Under this galvanised roof we witness happy congress and independence even though the people and their dreams of life in the Irish Free State are in rags.
That other leftie firestarter Ken Loach gave us the story of ‘Jimmy’s Hall’ in film four years ago. Paul Laverty’s script is adapted for stage by one of The Abbey Theatre’s directors Graham McLaren, this his first production as head.
On its first night in Limerick, July 14, the ovation was hearty.
The brio to the music and dance set-pieces to this dark Irish céilí sits terrifically in the storytelling of political and personal passions.

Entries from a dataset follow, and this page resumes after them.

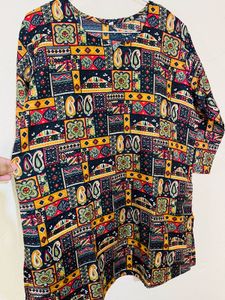 Vibrant Geometric Print Kurta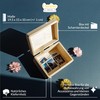 Creative Deco Wooden Box with Lid, 19.5 x 15 x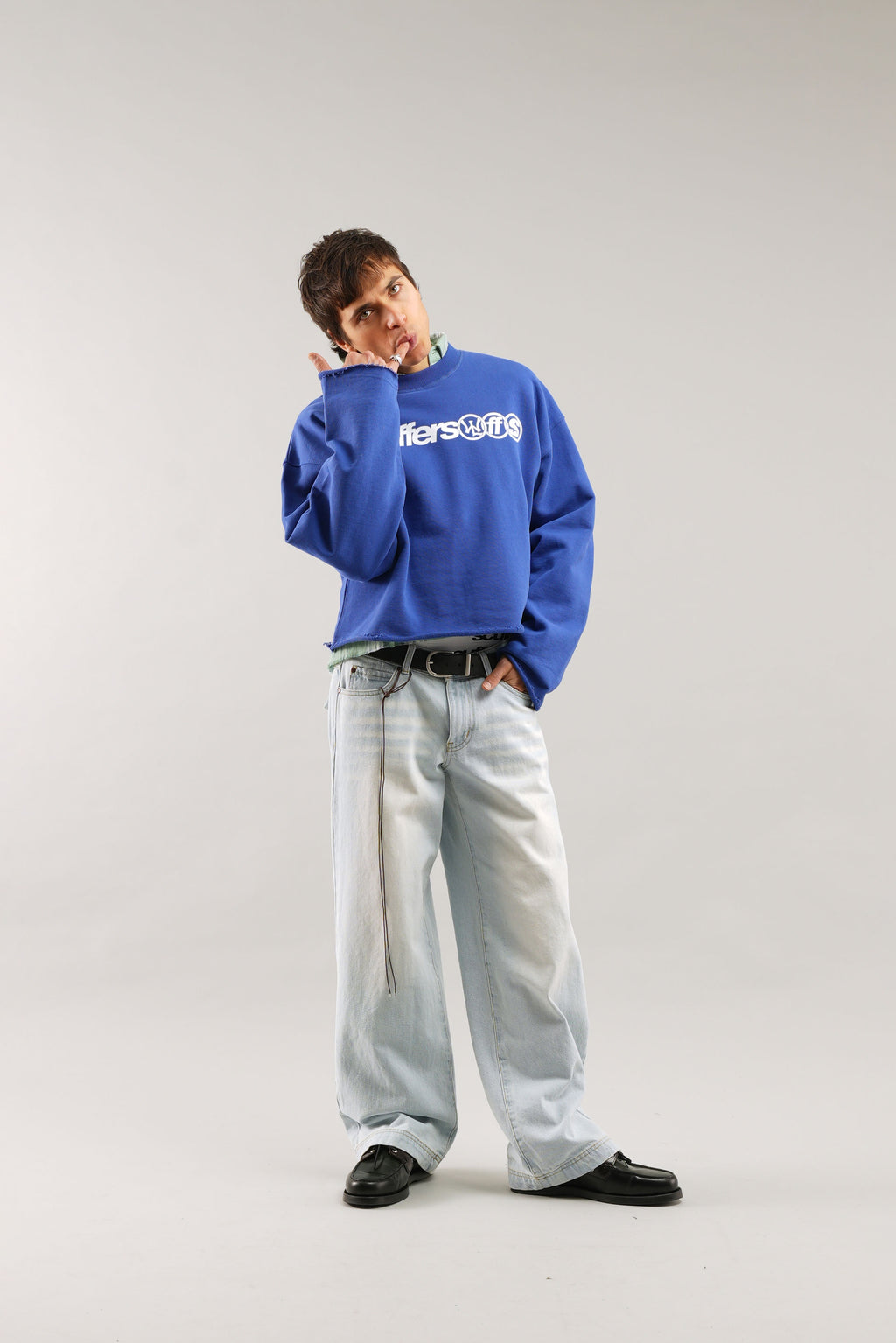 Longsleeve Scuffers New Age Sweatshirt Azul Rey Azules | 62480RMIO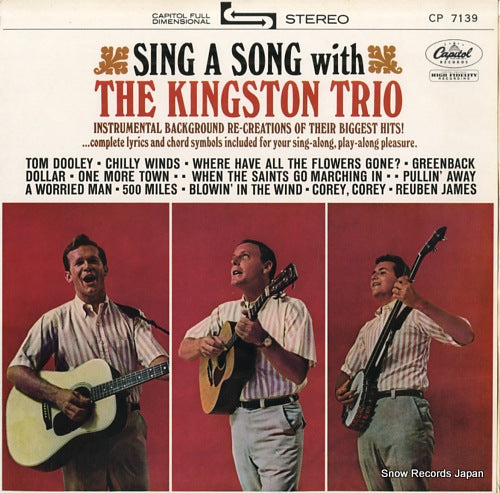 KINGSTON TRIO, THE sing a song with the kingston trio CP7139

Jimmy (Richard Clements) and his old flame Úna (Lisa Lambe) have eyes for each other despite her rewarding marriage to Seán (Muiris Crowley). But that buried smoulder is no case for triggering the Aliens Order that Gralton became subject to because of his American passport.
The impetus for the villagers who run with Jimmy’s vision is St Augustine’s quote: “Charity is no substitute for justice withheld”. Gralton, played naturally by Clements – a good man for the piano – stirs it up with his avowed commitment to Communism as much as Ireland.
Fr Sheridan (Bosco Hogan) is the articulate foe whose stake is more than his own rival parish hall – where the State takes 25 per cent of box office, as was the way. Putting to the Graltoneers the treachery of their ways, Fr Sheridan is routed by the retort, “Is it Christ or is it Gralton? If that’s the choice, then it’s Gralton, by Christ.”
Times are grimy for this rural outpost, devastated after British rule, World War 1, Civil War, emigration and the Black and Tans.
Yet within the convivial Red’s embrace, good times roll with a poetic metre. Between the skits and giggles, the polemic and stealing of footballs and solidarity against evictions, songbirds Lisa Lambe, Ruth McGillis and Bríd ní Neachtáin delight in this strong cast of established actors, dance artists and musicians who thicken the stage with a presence far more resonant than their numbers.
Brilliantly for a show where the story is legend, ‘Jimmy’s Hall’ suffers no loss of traction when Jimmy Gralton is banished.
The director’s ability keeps us in thrall.